Informasi tersebut tidak sesuai dengan fakta di lapangan dan berpotensi menyesatkan publik. 

TNI menjelaskan bahwa peristiwa tersebut benar terjadi, bermula pada tgl  25 Desember 2025 pagi, berlanjut sampai tgl 26 Dini hari di  Kota Lhokseumawe.

Disebutkan setika sekelompok masyarakat berkumpul, konvoi dan melaksanakan aksi demo,  dan sebagian mengibarkan bendera bulan bintang yang identik dengan simbol GAM, disertai teriakan yang berpotensi memancing reaksi publik serta mengganggu ketertiban umum, khususnya di tengah upaya pemulihan Aceh pascabencana.

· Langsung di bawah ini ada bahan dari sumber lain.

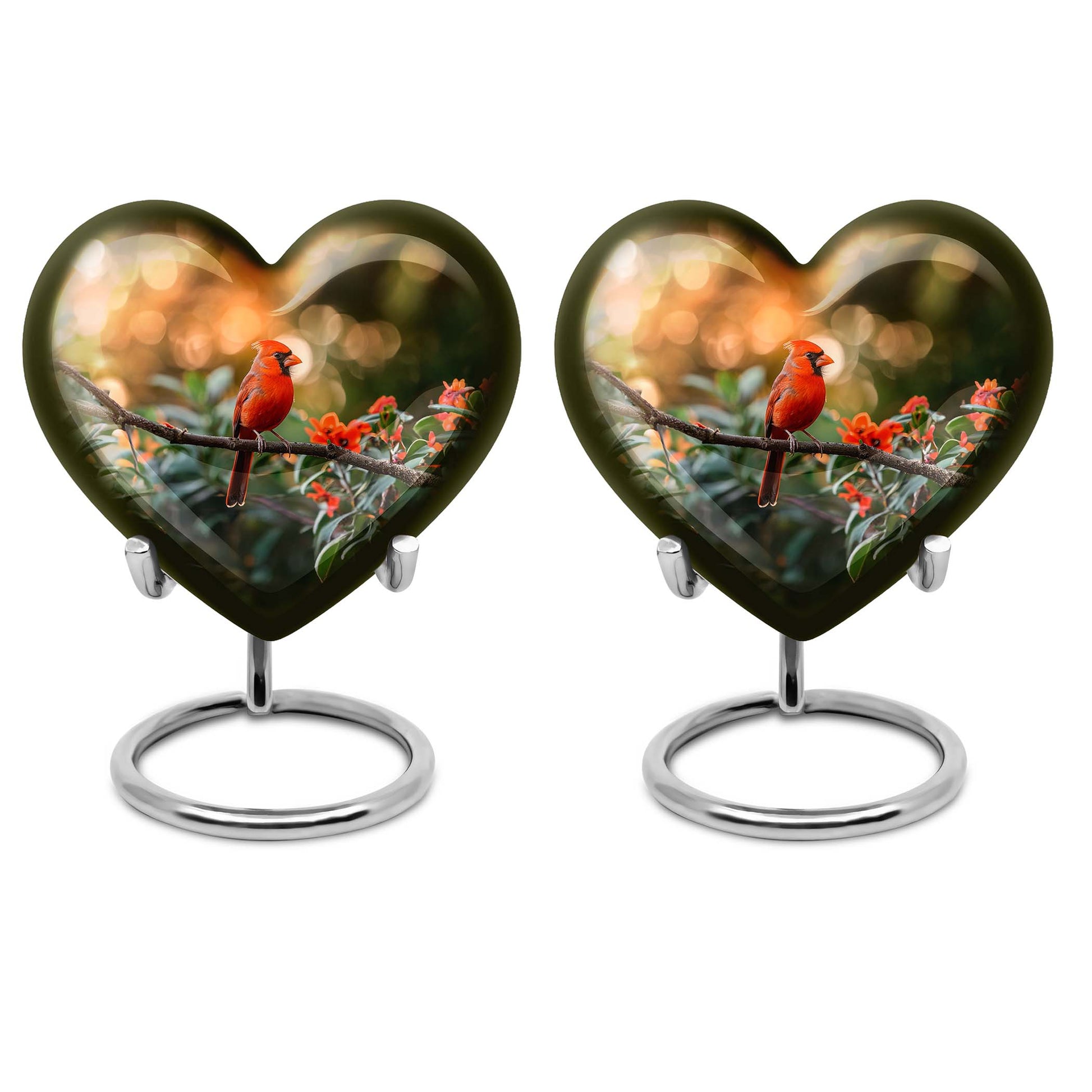Cardinal bird heart urn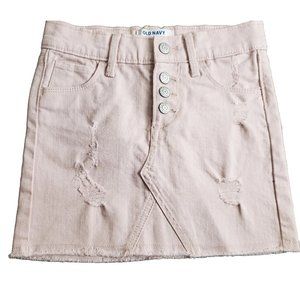 Old Navy Denim Jean Skirt Youth Girl XS 5 Pink Distressed Adjustable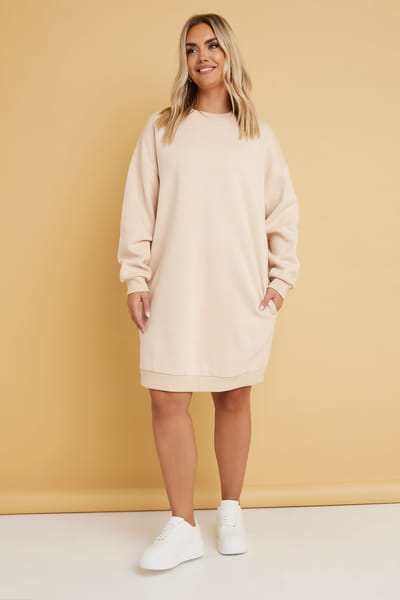Yours Sweatshirtjurk Van Katoenmix Met Lange Mouwen In Beige Size 44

TNI mengaku mengutamakan langkah persuasif dengan menghimbau agar aksi dihentikan dan bendera diserahkan. 

Namun karena imbauan tersebut tidak diindahkan, aparat melakukan pembubaran secara terukur dengan mengamankan bendera guna mencegah eskalasi situasi.

Diketahui banjir Sumatra akhir bulan November 2025 lalu menerjang tiga provinsi di Sumatra yakni Aceh, Sumatra Barat, dan Sumatra Utara. 

Banjir tersebut membuat lebih dari 1000 orang tewas dan akses transportasi terputus. 

Wilayah Aceh menjadi salah satu wilayah yang terisolasi karena banyaknya infrastruktur rusak. 

Bahkan kondisi Aceh Tamiang sempat menjadi sorotan oleh media asing dan disebut kota zombie karena masyarakat tidak memiliki akses makanan dan kebutuhan pokok. 

Selain itu tercatat pengungsi terbanyak tercatat di Aceh Utara dengan 166.900 orang, disusul Aceh Tamiang sebanyak 150.500 pengungsi, serta Kabupaten Gayo Lues dengan 33.800 orang pengungsi.